Interns play an integral part in the garden. They spend 10+ hours in the garden a week doing everything from seed starting to pruning an entire orchard. Intern garden time is a great way to bond over hard work and see something transform with their efforts every week.
Monday mornings start with a garden check-in, starting with silence interns share thoughts to start the week with. This is a way unique and effective way to ease into the week with a clear mind and heart. With the intern’s hard work and dedication the garden gets the attention and love it deserves.
Here are some of the intern’s thoughts on working in the garden:
Joe- I like pruning and being in the trees in the orchard. I like not killing, but invigorating the tree to grow. I think I’m good with the ladder and enjoy the aggressive ladder work.
Em-What I love most about working in the garden is the opportunity to be outside. Nothing makes me more jolly than the California sun! I’m also quite fond of whispering encouraging words to our growing plant babies and chasing away hungry quails.
Gio- Our farm manager Maggie McProud is my favorite thing about the garden! Granted, she isn't a plant, but she does support the interns as we grow as farmers and people. She is closely seconded by harvesting cherry tomatoes, pruning apple trees, and planting garlic. It was harvest season when we first arrived at Woolman, so understandably we were easily enchanted by the incredible amount of produce that was picked and consumed every day. At one point, at the end of the peak season, we harvested over five hundred pounds of produce in one day (four hundred of which were tomatoes).

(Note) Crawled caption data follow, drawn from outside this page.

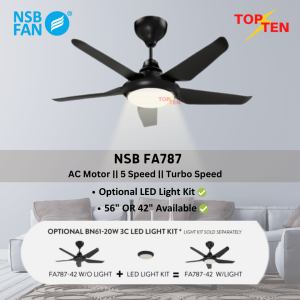 NSB FA787 Ceiling Fan 56" 42" AC Motor 5 Speed Turbo Remote Control Fan External Light Kit Kipas Siling Remote Turbo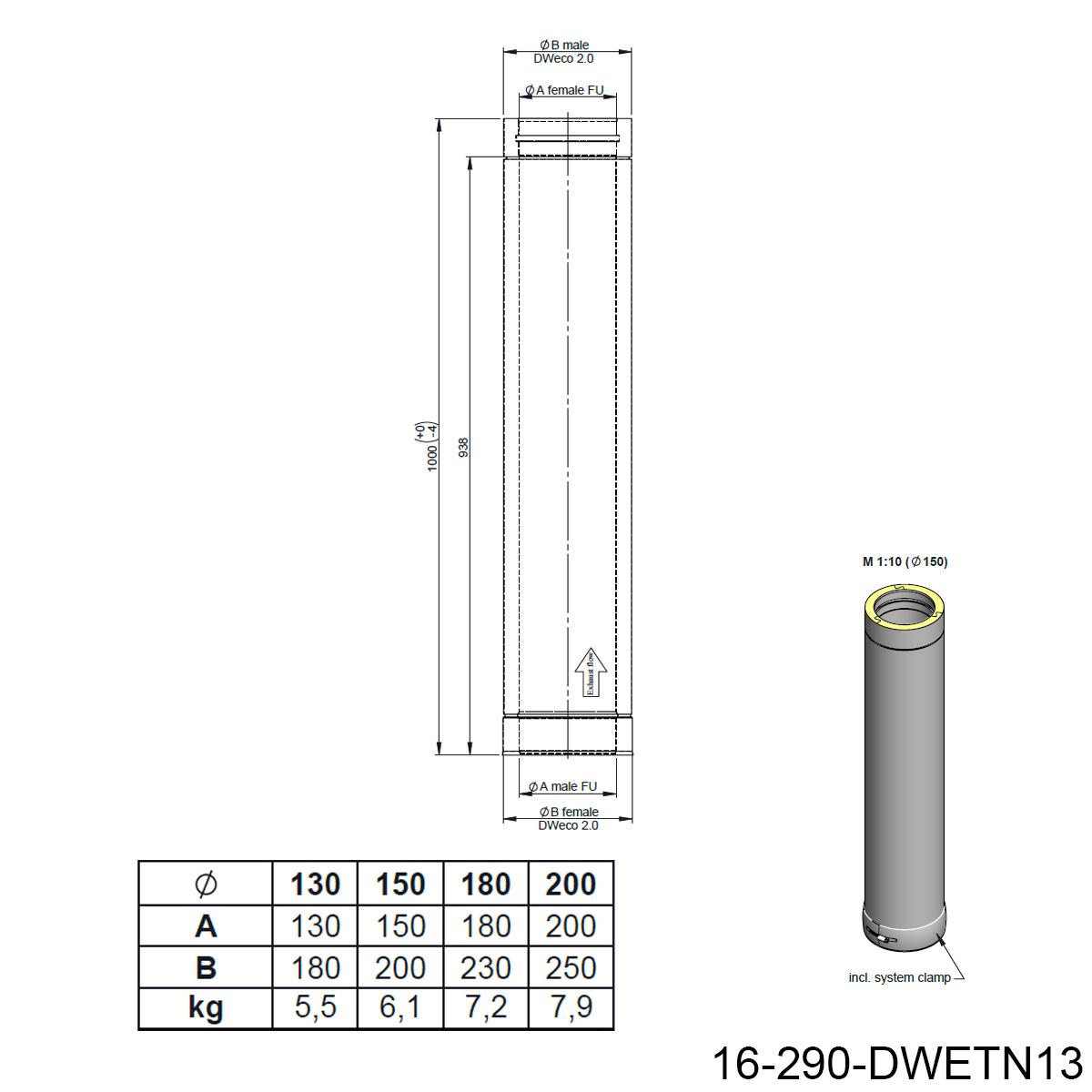 Jeremias DW-BLACK Längenelement - für Schornstein-Innendurchmesser: 130mm - Länge: 1000mm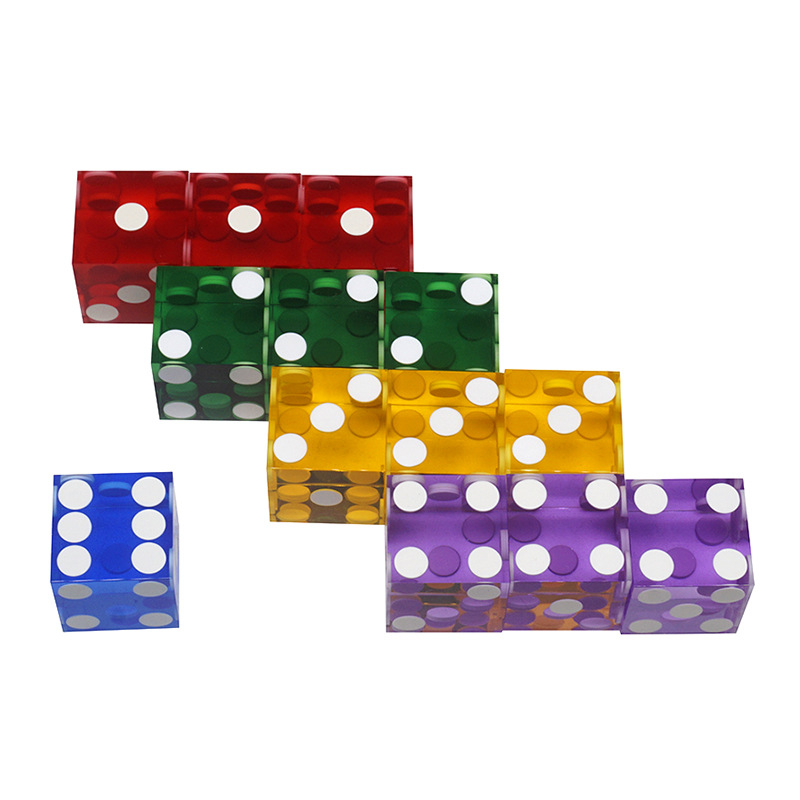 19 mm akrilne kocke, prozirno žute, šestostrane, precizne za kasino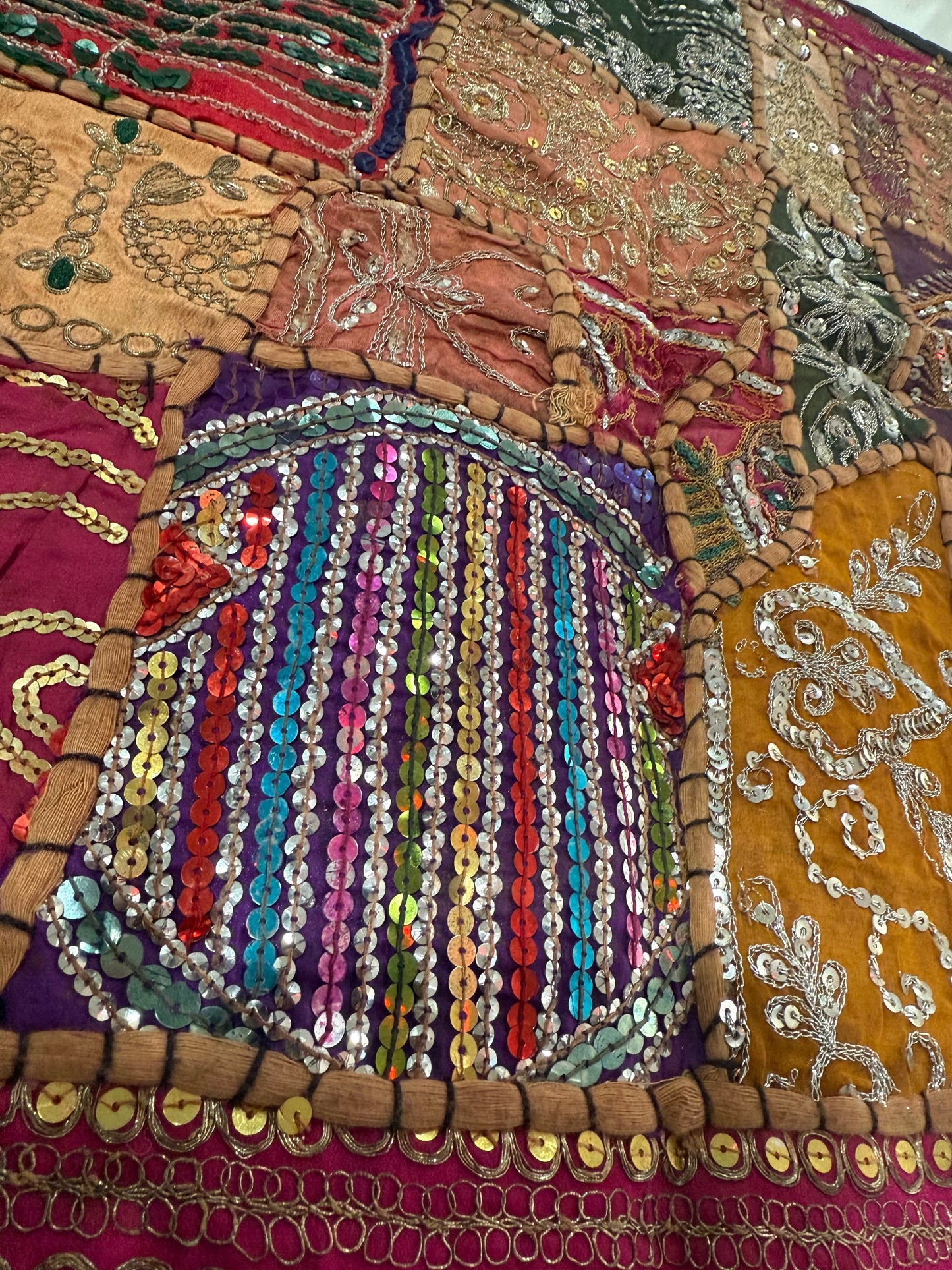 24'' x 24" Inch Large Ethnic Indian Embroidery Beaded Patchwork Work Throw Pillow Cushion Cover #2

Kat- Having never grown food before, working with the garden this year has given me a deep and visceral appreciation for cycles of life and the radical act that is taking that process into your own hands and belly. I love knowing that the sweat off my own back is a gesture of resistance against industrial agricultural practices that harm our planet, bodies and communities. I also love knowing that the greens and tomatoes on my plate haven’t been shipped from hundreds or thousands of miles away and that their growth contributed to and not detracted from the health of the soil. I’m grateful to be understanding these cyclical processes of life and death, so essential to our basic existence, not in a textbook but through hands-on experience with a brilliant teacher like Maggie McProud leading the way.